Going Global With Internet Marketing

Global Internet marketing -- and the electronic commerce associated with it -- is predicted to escalate dramatically in the next several years. The possibilities are ever-so pleasing. Yet some barriers are all-too real. The good news is, they're surmountable.

The Internet truly flattens the world… a fact that brings opportunity to U.S. marketers with an international component to their businesses or a desire to do business globally.

Even if you want to make use of email alone, global marketing becomes an inexpensive reality. But the primary place for business to be done on the Internet is, of course, the World Wide Web.

Surf the Web, and you quickly realize that you can very easily happen upon non-U.S. sites. (They are typically identified by a country abbreviation at the end of the URL, such as “.uk” for the United Kingdom.) It is no more complicated to get to a U.S. site from outside this country. All of it is quite transparent and instantaneous.

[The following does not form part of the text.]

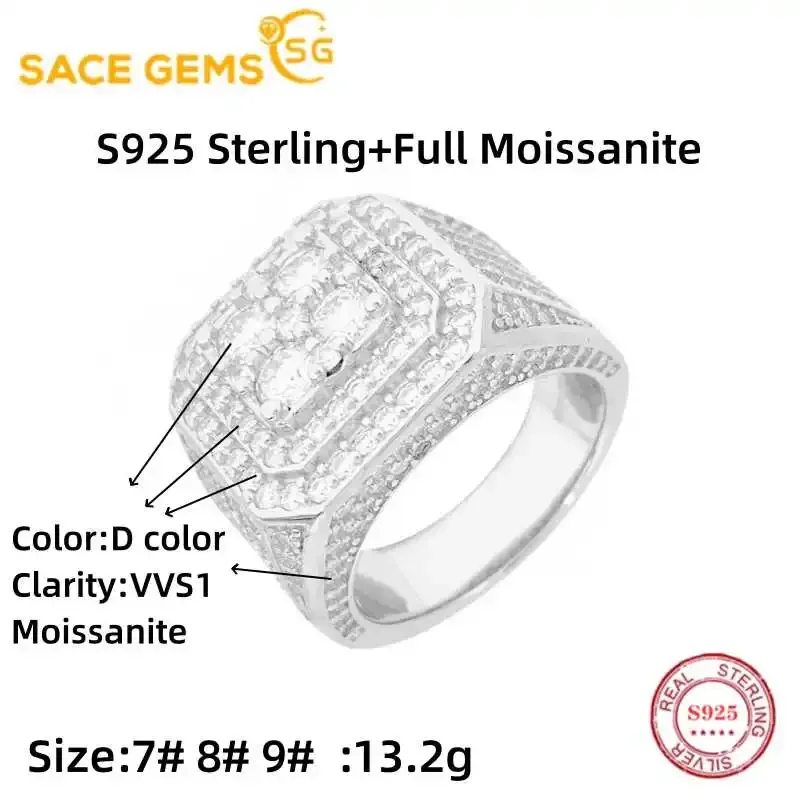 SACE GEMS GRA Gecertificeerde D Kleur Volledige Moissanite Ring voor Vrouwen Mannen S925 Sterling Zilveren Bruiloft Diamant Luxe Fijne Sieraden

That is an extremely compelling reason why global Internet marketing — and the e-commerce associated with it — is predicted to escalate so dramatically in the next several years.

Marketers with global goals are now establishing mirror sites and multiple-language versions of their Web sites. Internet translation tools are available that make this easier to do. It is only a matter of time until those marketers use their Web sites to accept and fulfill orders online from customers worldwide.

Here are a few of the possibilities:

  • Expanding markets and territories. Marketing no longer has to artificially stop at a country’s borders. An Internet marketing program can make a global initiative not only possible but also practical. A company’s Web site can be mirrored in several languages, and it can address country-specific issues. An intranet can be established to provide low-cost, instant communications with every sales office, sales representative, distributor, and retailer worldwide. An extranet can be used to admit partners, suppliers, and customers into select portions of the intranet. The Web site can be promoted inexpensively throughout the world with links on other Web pages and in email newsletters. Simple, inexpensive mailings can be executed in each target country to drive prospects to the corporate Web site.
  • Developing global marketing partnerships. Internet marketing makes joint ventures attractive and easy to implement. A marketer can join together with one or more partners whose products or services complement the marketer’s products or services. Then members of this consortium can pool their resources. They can execute cooperative email campaigns by sharing each other’s lists or form a collaborative Web site that features their solution set. They can also use their own extranets to speed communication with sales and marketing personnel from all participating companies throughout the world.
  • Providing worldwide customer service. In an era that emphasizes customer service, a marketer can now use the Internet as the foundation for 24-hours-a-day, 365-days-a-year customer support. The way a company services its business customers differentiates it from its competitors. The Internet can facilitate online customer service centers and provide customer-only information, service, support, and, in the case of software and information, live product. With the advent of Internet telephony, companies will be able to interconnect the Internet and voice response; customer service will take on a new level of quality.

It should be pointed out, however, that despite all the apparent benefits of global Internet marketing, marketers cannot take other countries and their populations for granted. The European countries are a good example. Europeans live on a single continent, have open borders, trade freely, and are moving to a unified European currency. Yet each country retains its distinct personality and its own language. And, in the case of marketing, individuals in each country will likely react differently to promotions.

Other barriers to Internet-related marketing activities will come up. For example, Europeans are generally less likely than Americans to share personal profile information. Stringent privacy regulations covering all of Europe, effective October 2001, will make it illegal to solicit via email without the express permission of the consumer. Accordingly, you cannot assume that an Internet marketing program that works successfully in the United States will automatically succeed globally.

If you are going to make a serious effort to market in Europe or anywhere else in the world, you would do well to learn about the likes and dislikes of the business and consumer populations in each target country as well as understand local languages and regulations.

Going global with Internet marketing makes a lot of sense… as long as you use good sense when you engage in it.